My mom is also taking him to court because he left her on the mortgage to his house (which was almost repossessed a few years ago) despite their divorce papers stating that he takes the house. The abuse my mom faced during their marriage and divorce changed her, she developed drinking problem, and became angry and distant. It’s been 10 years since they legally divorced and she only recently started feeling like herself again.

Possibly worst of all, my brother was in a car accident in high school and was badly injured. He had a terrible concussion that led to a suicide attempt, had multiple surgeries, PT, and was disqualified from being able to serve in the military (his dream). The day he got the $50k settlement check our dad picked him up and had him deposit the money into a joint account and our dad promised to add to it for his college. The next day our brother was taken off the account. He was a minor so we couldn’t pursue legal actions. When we confronted our father, he pretended like it never happened.

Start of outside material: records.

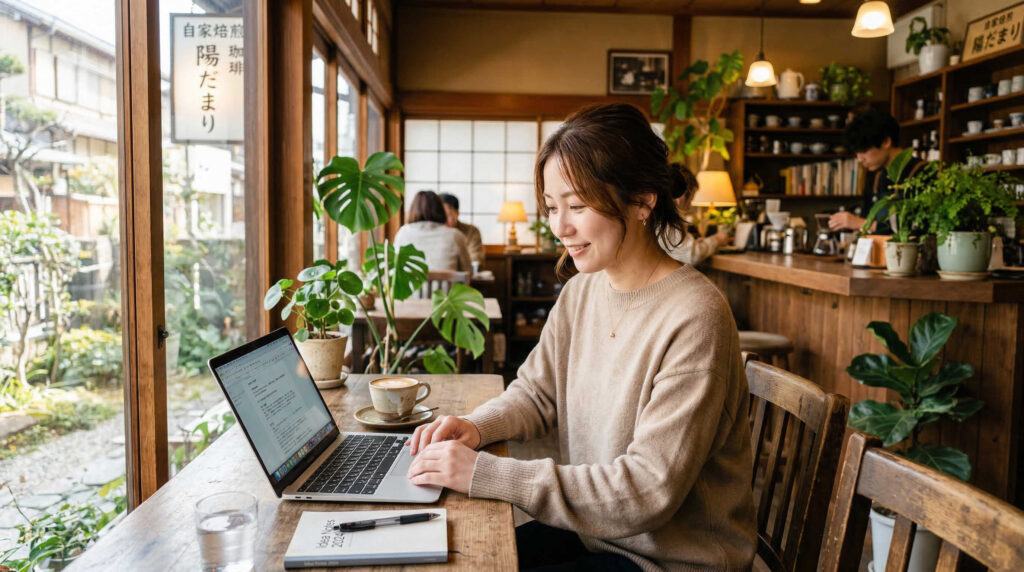 なぜオリジナル作業着はサイズ交換が難しいのか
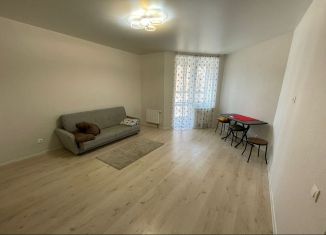 Продажа квартиры студии, 33 м2, Балашиха, Косинское шоссе, 6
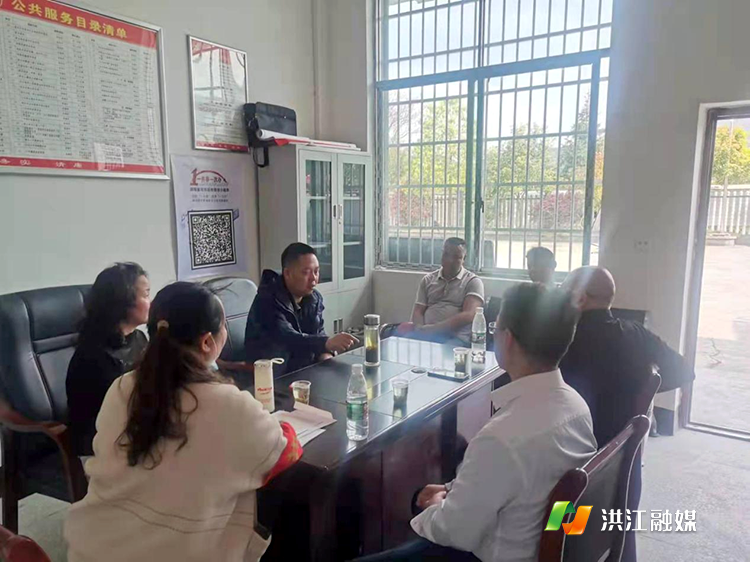 托口镇政府最新新闻，小巷深处的独特风味探索之旅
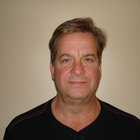 Avatar for John Metselaar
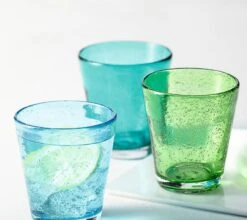 Leonardo Verres Burano (lot De 6) -Umbraen Boutique 1000262504 230317 020 MOOD DETAILS P000000001000262504 mood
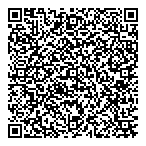 Entreposage Jcs QR Card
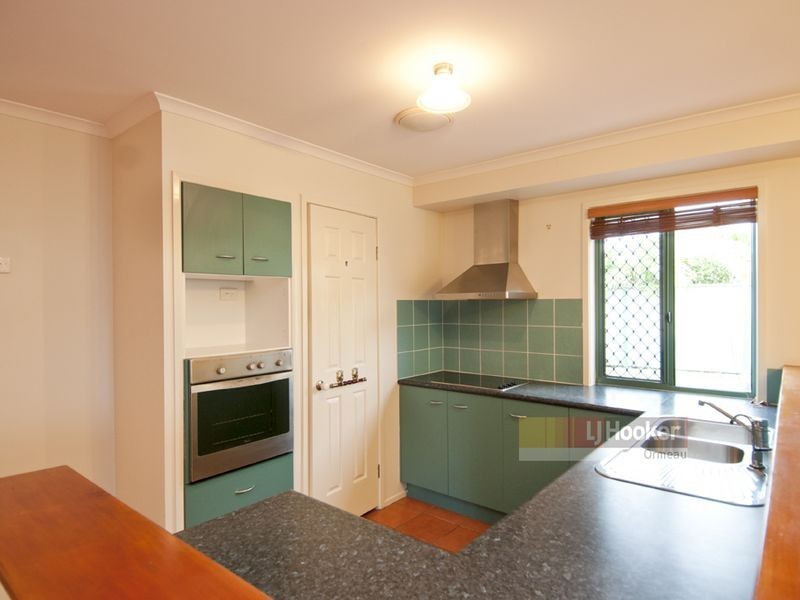 39 Doolan Street, Ormeau QLD 4208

My brother and I are going to confront our father, but I doubt he’ll take any accountability. We are no-contact with our sister. Our dad convinced her to cut us off 5 years ago because we decided to have a relationship with our mother and he pays our sister to keep us blocked.

Since my parents split, we have had a very inconsistent relationship with our father, mostly just the occasional dinner. I went to college in an area he frequently does business in and he would only see me if he had a girlfriend to impress. When I told him to stop making me meet girlfriends, he no longer invited me to dinner. After this matter is settled my brother and I plan to cut him out of our lives. We will have the lawyer contact our sister just so she is aware.

I don’t understand why my dad has never been held accountable for his decisions. This isn’t the first time he’s scammed people. I know he has a rough reputation around our hometown for slimy behavior. I have no tolerance for narcissists.